Prior work (Fejzo et al., 2018) has shown that compounding morphological learning is key to language acquisition and literacy development in children. When we learn a new language, we are able to quickly memorize known words and derive unknown words through our knowledge of root words and morphological features. This ability enables language learners to efficiently and accurately comprehend the meanings of enormous words, but can computers do the same? This introduction reviews prevailing approaches to modeling semantic relationships between words, as well as some prior work on morphological and analogical analysis. Then, methods for quantifying the ability for word embeddings to represent semantic morphological features are proposed in the form of analogy-completion tasks. Experiments are run on three common word embeddings and results are summarized.

1.1. PRIOR WORK

Early popular methods for Natural Language Processing (NLP) relied on simplistic models trained over large datasets, such as the N-gram for statistical language modeling. However, although such models outperform many more sophisticated counterparts, a limitation is the size of obtainable data for training, which impedes accurate representations over a large corpus of words. As the corpus size increases, the computational resources required to handle the learning with this simplistic architecture also accumulate.

1.1.1. WORD EMBEDDING MODELS

In 2013, a group led by Google scientist Tomas Mikolov (Mikolov et al., 2013a) proposed a novel continuous vector representation method along with two neural network models built for the task: Continuous Bag-of-Words (CBOW) Model and Continuous Skip-gram Model. Mikolov's model considered not only the proximity but also the similarity between related words in the vector space, and a multitude of degrees of linearity is encoded into the word embedding. With this property, using simple algebraic operations of the vector can formulate computer generate analogies comparable to those of humans. Pairwise semantic relationships within a subset of words can also be represented using the linear properties of the embedding space. In a subsequent publication, Mikolov (Mikolov et al., 2013b) proposed several optimization methods, such as subsampling the Skip-gram Model. To encode idiomatic information, simple phrases composed of individual words were also trained as separate entries. The optimized model could train on 100 billion words a day, with a total data size of billions compared to a few millions of words in other models. Word embedding has become a central topic in the field of Computational Linguistics and Natural Language Processing. The Word2vec model (Mikolov et al., 2013a) , utilizes Continuous Bag-ofwords (CBOW), which calculates nearby context words but disregards any additional syntactical information. Due to its simplifying nature, CBOW tends to rely on multiplicity rather than syntax. (Mikolov et al., 2013a) GloVe (Pennington et al., 2014) is another word embedding model, first published by Jeffry Pennington and his team from Stanford University in 2014. Like Word2Vec, GloVe utilizes a similar unsupervised process, but the difference is that it combines local word context information and global word co-occurrence statistics. In contrast to Word2Vec and GloVe, FastText (Joulin et al., 2016) by Facebook AI Research (FAIR) is based on a supervised sentence classification task. The task structure encourages word embeddings that can be added together to derive sentence-level representation. It can train on large datasets relatively quickly and run with less computational consumption than prior models.

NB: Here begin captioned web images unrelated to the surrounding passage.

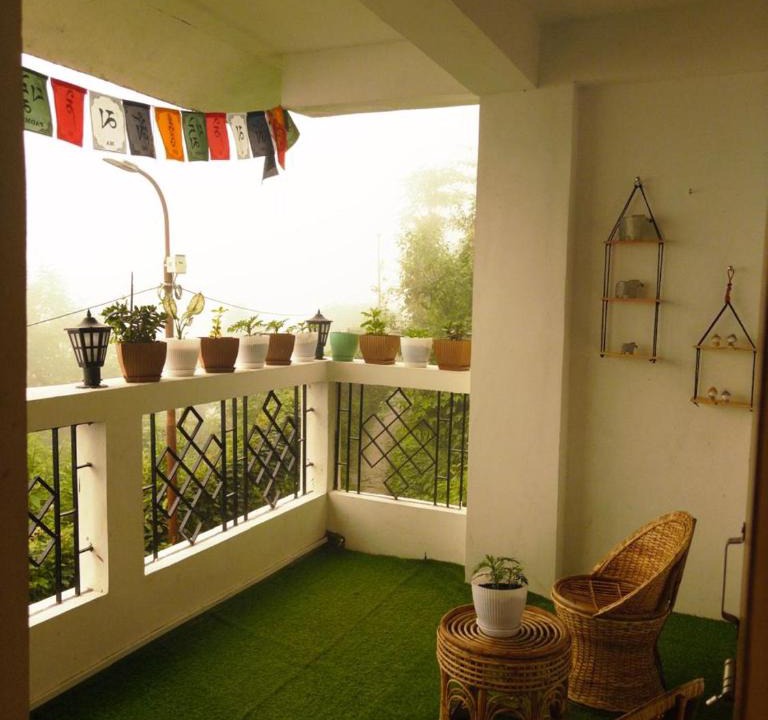 Guwahati Apartment | Bravo Hills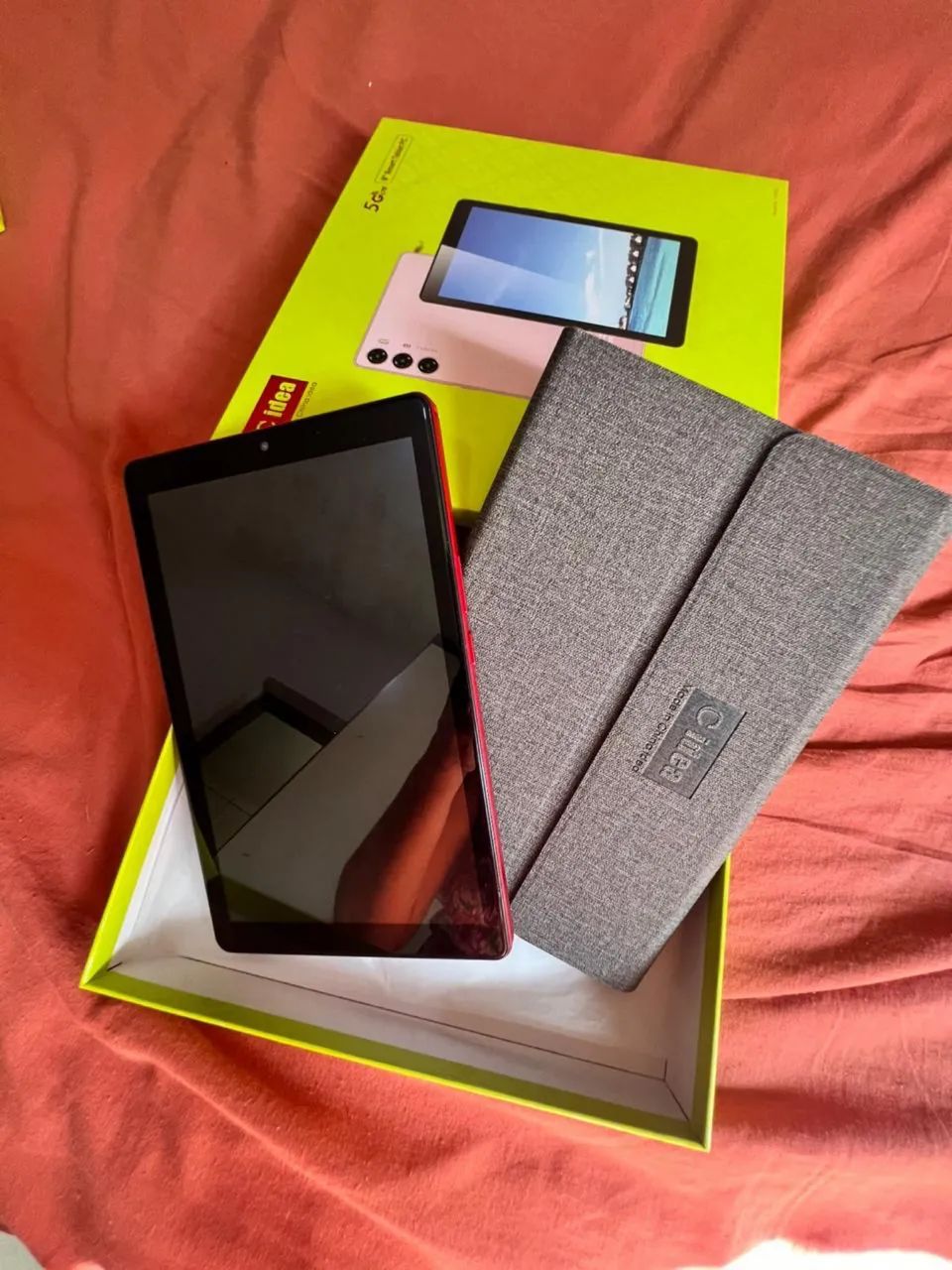 Vendo 03 Tablets Idea - Foto 3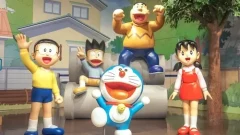 การ์ตูนวัยเด็ก โดราเอมอน ทำไมเราถึงโตแล้วก็ยังทิ้งแมวตัวนี้ไม่ได้
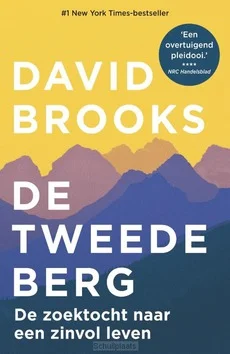 Laatste Kans DE TWEEDE BERG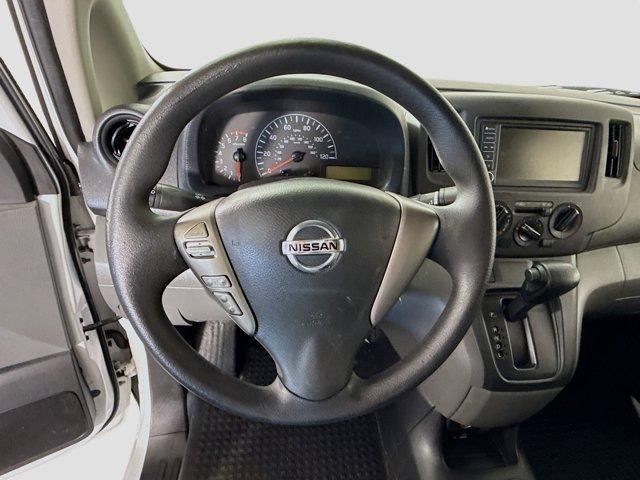 used 2020 Nissan NV200 car, priced at $12,998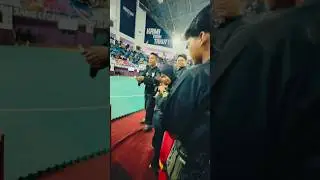 &ldquo;Menang membuat kita bangga, kalah membuat kita belajar.&rdquo; #PencakSilat #senibeladiri #ipsi #mazaya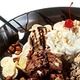 Food 4 - Dish at Perkos Cafe & Grill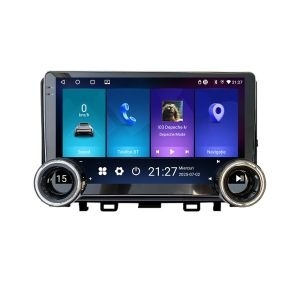 Navigatie Kia Stonic 2016-2020 Edotec 4+64 10.5 inch Incell 1K android Wifi 5Ghz gps internet Kit-Stonic KIT-stonic+EDT-E211-RK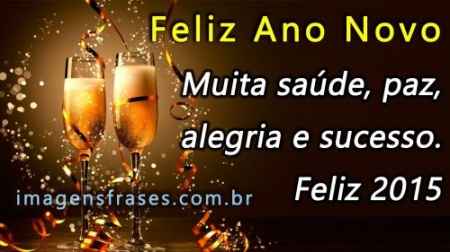 Feliz 2015!!!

1.1.2. CONTEXT-SENSITIVE SEQUENTIAL MODELS

Some more recent approaches to general NLP tasks involve context-sensitive word-embeddings using the Transformer Model, first introduced in 2017 Vaswani et al. (2017) . Similar to Recurrent Neural Networks (RNN), Transformer Models are designed to process sequential input, but the key difference is that it utilizes the "Attention Mechanism", which weights the context vectors according to their estimated importance and forms connections within a sentence. This method enhances encoding of long-term dependencies and improves the overall performance of the model. Due to the high efficiency of the Transformer model, several highly general pre-trained models have been designed, such as BERTDevlin et al. (2018) , GPT-3Brown et al. (2020), and ELMOPeters et al. (2018) , for a variety of tasks with fine-tuning. These context-sensitive embeddings are more expressive than the static word-embedding models that map each word (or idiomatic phrase) to a single vector, regardless of context, but they are much harder to study semantically as any metrics for word similarity become necessarily contextual.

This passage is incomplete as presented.